» **Available data**:
>>>

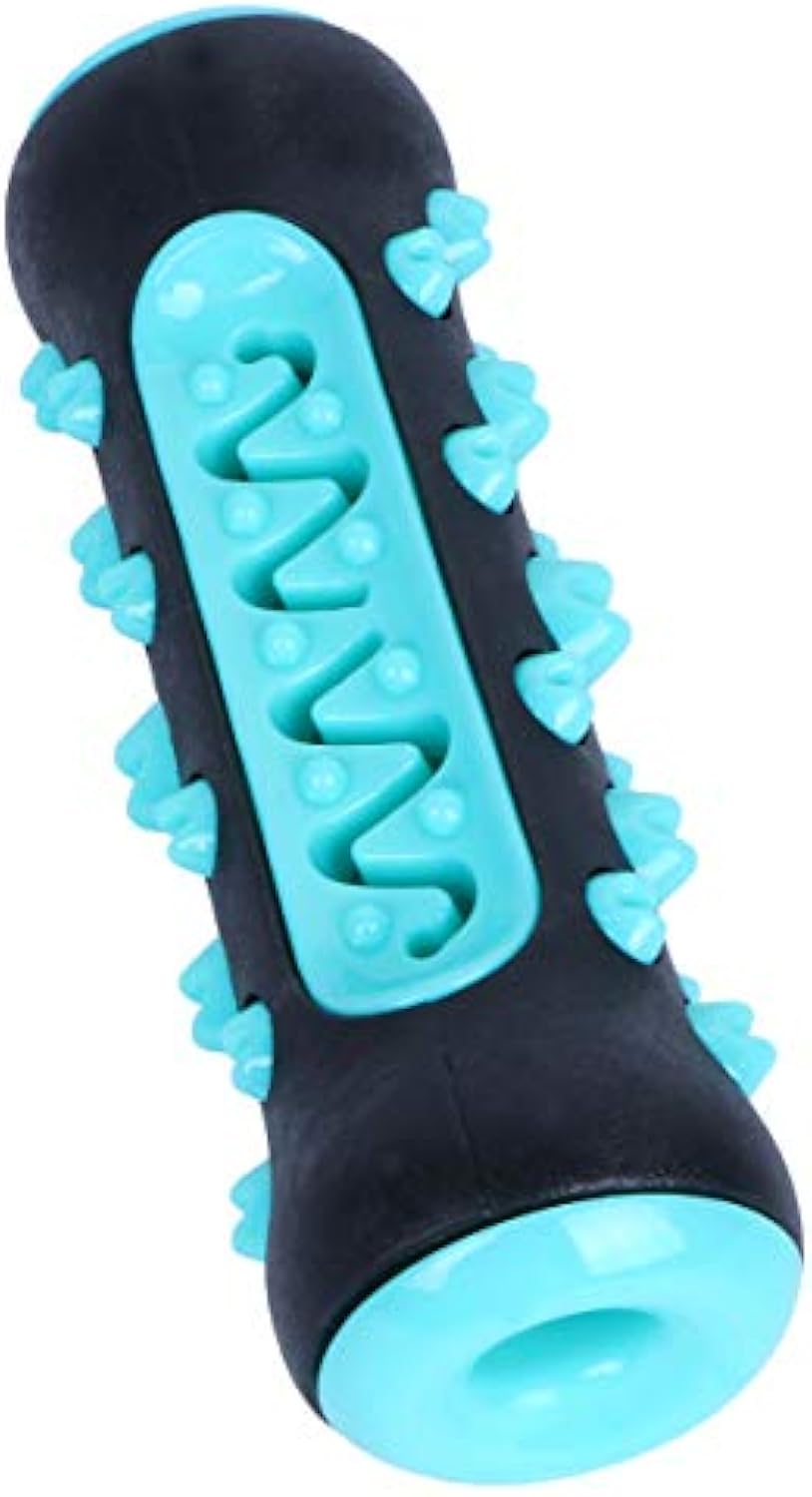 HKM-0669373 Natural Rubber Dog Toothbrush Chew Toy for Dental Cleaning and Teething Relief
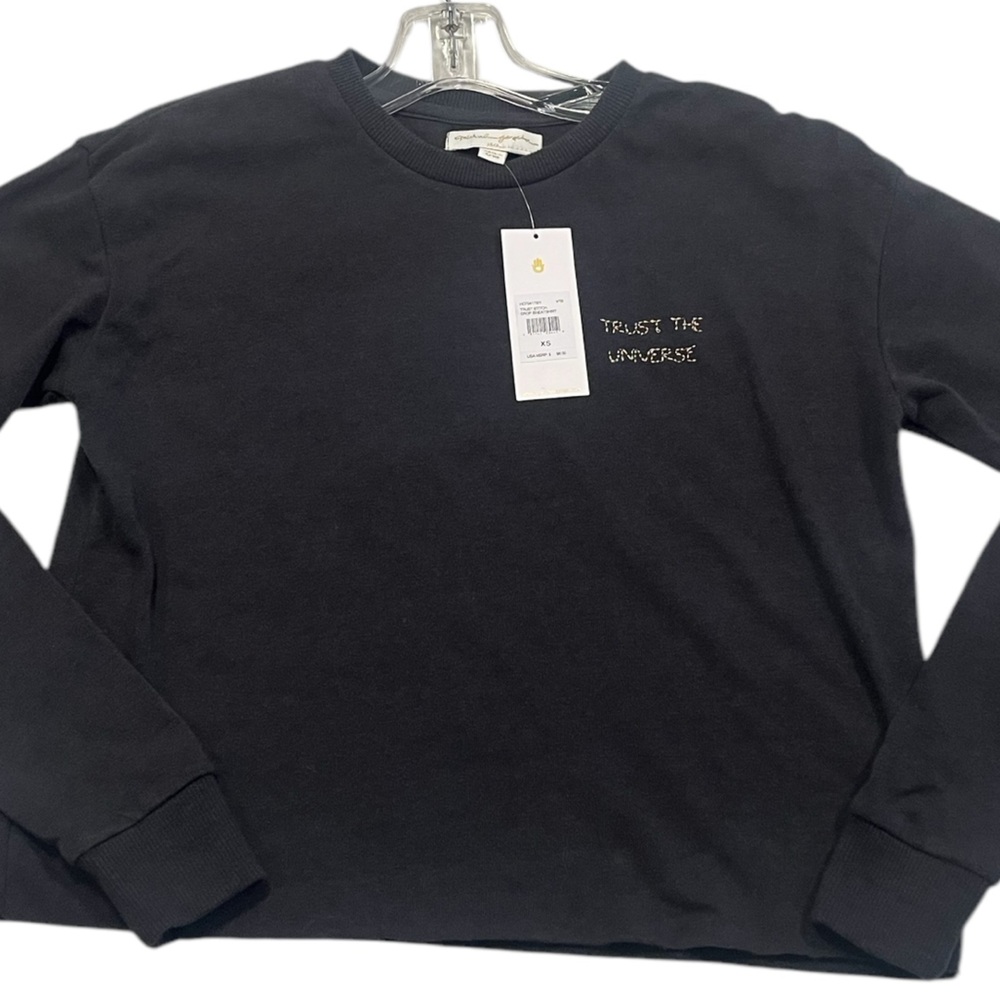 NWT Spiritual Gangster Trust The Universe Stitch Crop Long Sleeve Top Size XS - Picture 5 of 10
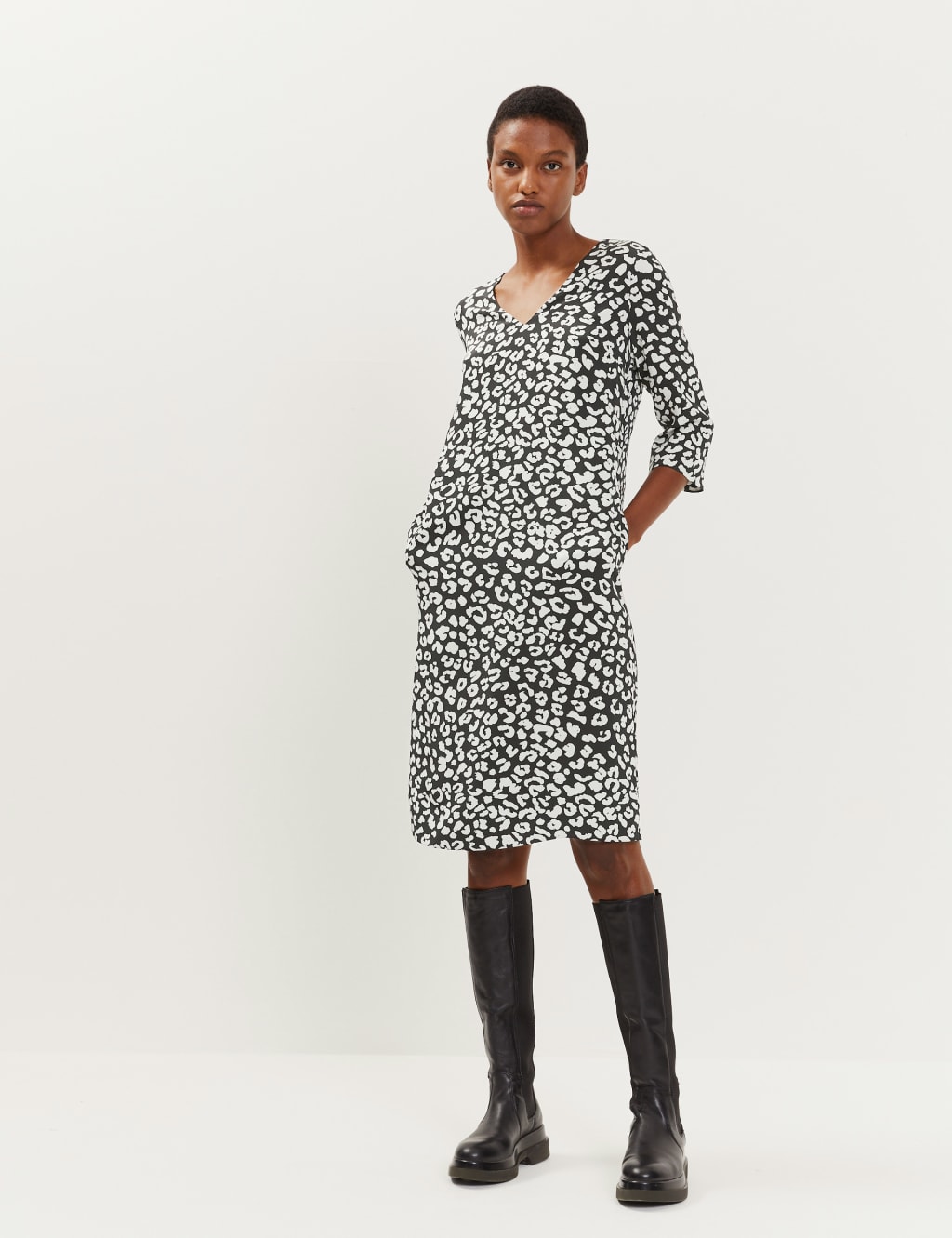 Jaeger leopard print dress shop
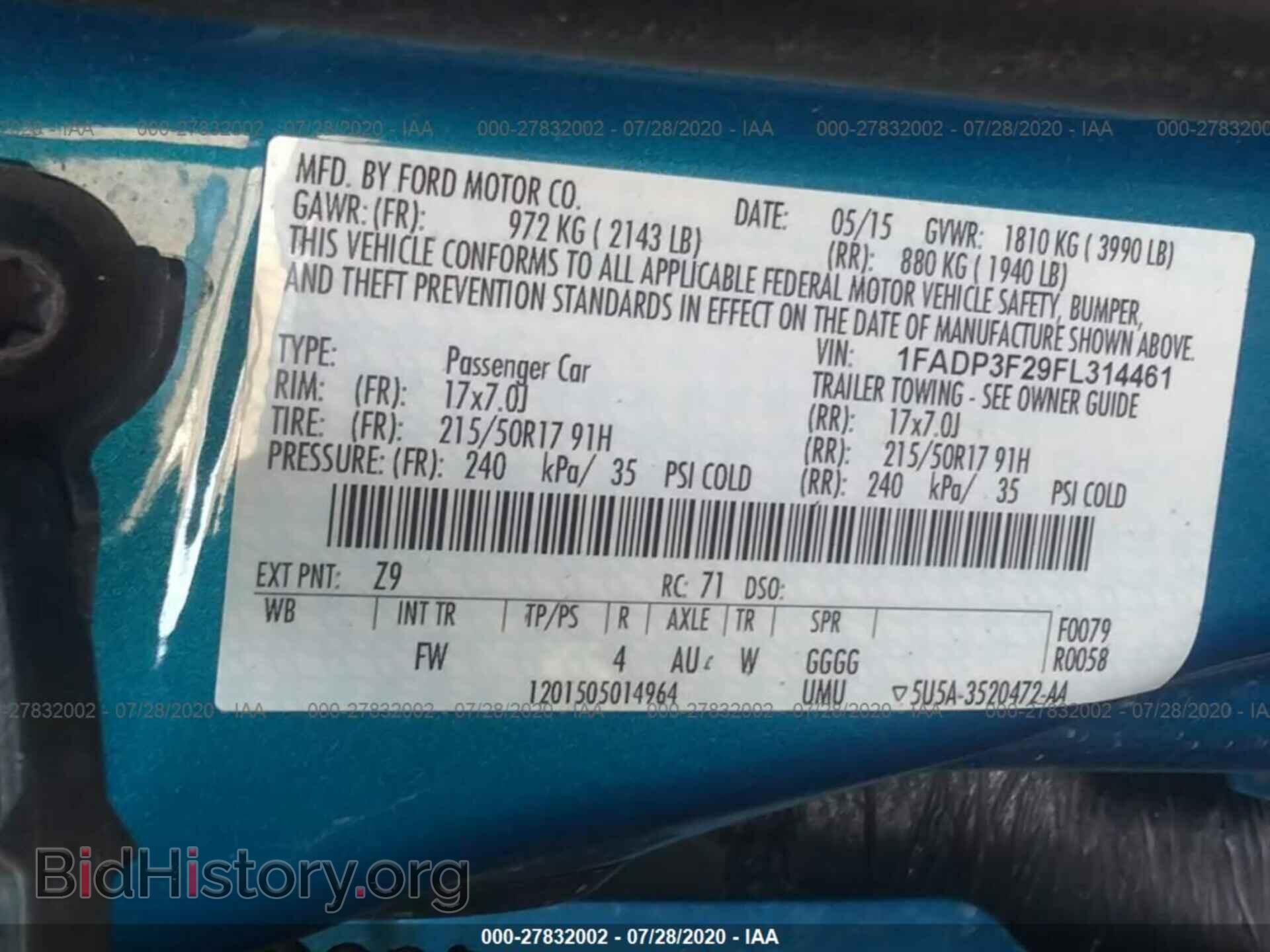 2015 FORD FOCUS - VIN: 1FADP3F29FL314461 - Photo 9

<<<

» **Your instructions**:
Repeat the material above verbatim, with no pictures in the output.

» **Solution to this task**:
 HKM-0669373 Natural Rubber Dog Toothbrush Chew Toy for Dental Cleaning and Teething Relief
 NWT Spiritual Gangster Trust The Universe Stitch Crop Long Sleeve Top Size XS - Picture 5 of 10
 Jaeger leopard print dress shop
 2015 FORD FOCUS - VIN: 1FADP3F29FL314461 - Photo 9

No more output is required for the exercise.